This week I felt prompted to leave my linear study of Conference to focus on the sermon by Thomas S. Monson Be Strong and of a Good Courage. As I studied, I understood why this one was important for me exactly now. Because these reasons are so sacred and tender, I won't publish them in a public forum. Suffice it to say, God is watching over me personally. All quotes are from this sermon unless otherwise noted.
“While my breath is in me,...I will not remove mine integrity from me,” Job 27:3, 5.

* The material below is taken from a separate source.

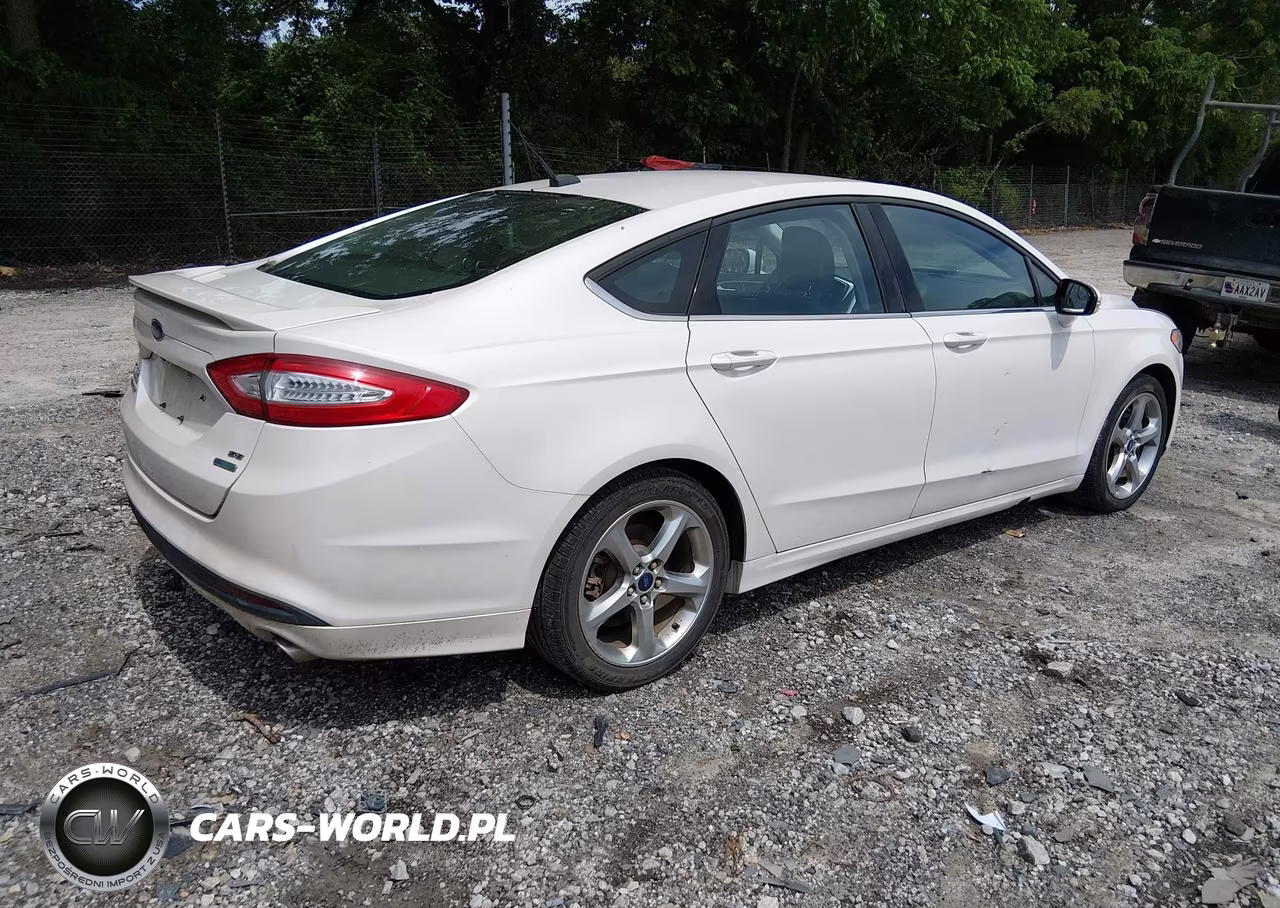 2013 Ford Fusion Se VIN:3FA6P0HR4DR184038 - 4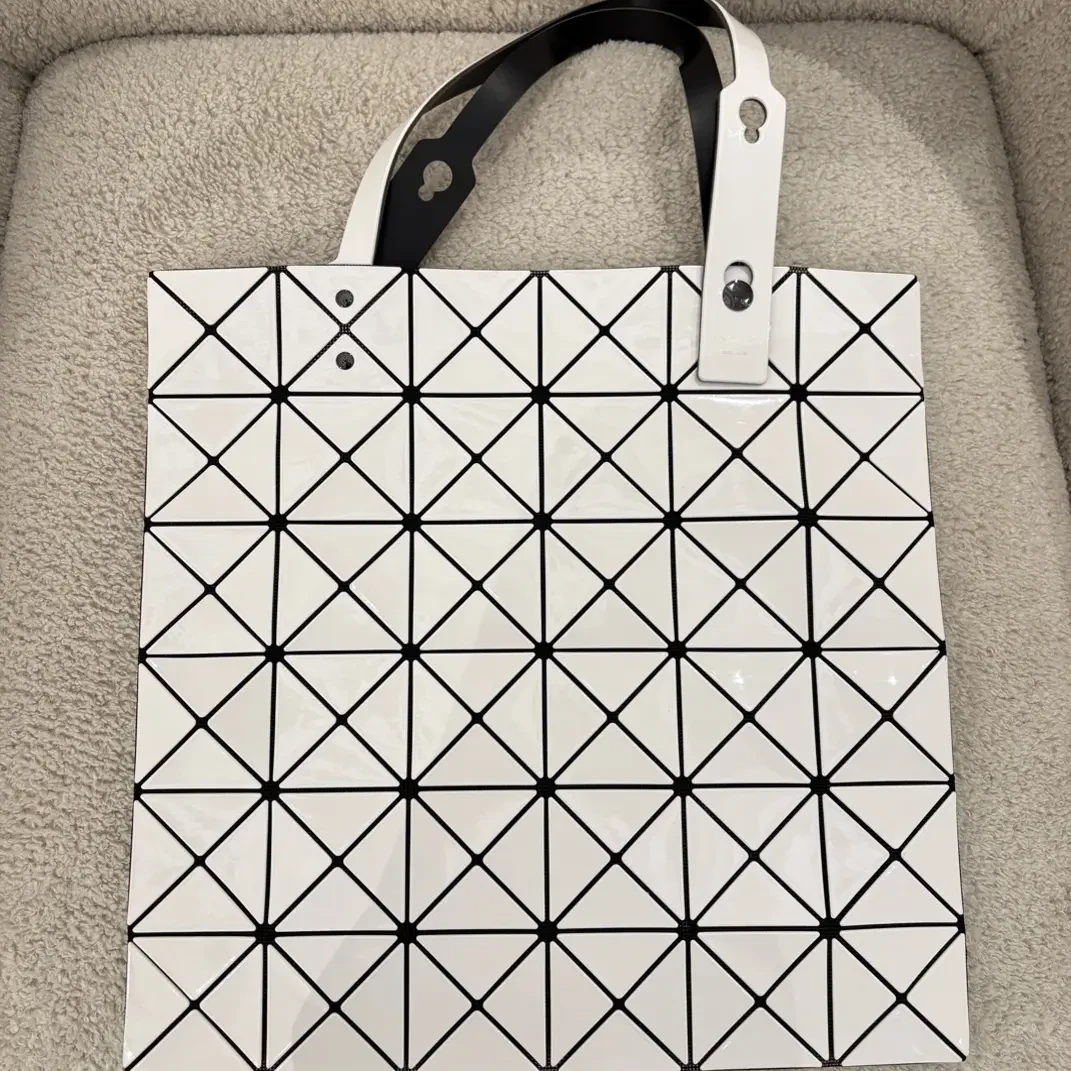 99新 Issey Miyake/三宅一生 N1416 三宅一生奶茶色六格亮面单肩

"We live in a world where moral values have, in great measure, been tossed aside, where sin is flagrantly on display, and where temptations to stray from the strait and narrow path surround us. We are faced with persistent pressures and insidious influences tearing down what is decent and attempting to substitute the shallow philosophies and practices of a secular society...courage is needed...to say no when we should...to say yes when that is appropriate...to do the right thing because it is right. Inasmuch as the trend in society today is rapidly moving away from the values and principles the Lord has given us, we will almost certainly be called upon to defend that which we believe...We can help ourselves in our desire to do what is right if we put ourselves in places and participate in activities where our thoughts are influenced for good and where the Spirit of the Lord will be comfortable...He who stands steadfastly for that which is right must risk becoming at times disapproved and unpopular...It is impossible to stand upright when one plants his roots in the shifting sands of popular opinion and approval."
"Be the same person you are in the dark that you are in the light,” Jabari Parker.
While most Christians stand steadfast in the big things, sometimes not standing for truth and right are justified. Nobody needs to be obnoxious, however, followers of Christ are called to tactfully and charitably defend the kingdom of God. Animosity and contention will never, ever convert others toward the values and principles the Lord has given but instead encourages the opposite point of view. Clarity, logic, and articulateness allow clear discourse. With gentleness we need to watch, to pay attention for those times when we can be peacemakers, when we can be examples, when we can be in the right place, and when we can say the right thin.
"When anger is in control, you get unintended consequences," Jeanne DuPrau. To that I add, when thoughtfulness is in control, the consequences can be wonderful. No, we shouldn't acquiesce to sinfulness, but we should learn to engage in articulate, unperturbed dialog without getting angry. When people feel they are heard, they are more likely to listen and agree.
Recently, a close relative did just that. She saw a problem of moral duty that needed to be addressed on her side of the family. Instead of emotionally 'dealing with' the problem, she stepped back. To breed clarity and calm, she wrote down her observations and concerns and waited over night to allow emotions to settle. Addressing the problem with the proper person, my relative didn't allow herself to become ruffled even when the other person was overly emotional and blaming. Listening and then re-presenting the issues at hand, she was able to make a little headway. When the other person called back, the issue was worked out and resolved. Yes, it was emotionally draining to listen to the rantings of the other party in the proper frame of mind without returning tit for tat. In the end, the damage was less than it could have been if she had gone in with guns blazing. My relative was disapproved and unpopular for a short time, when she chose to do the right thing because it was right. This courage to do right, to preserve her integrity, empowered her in this situation.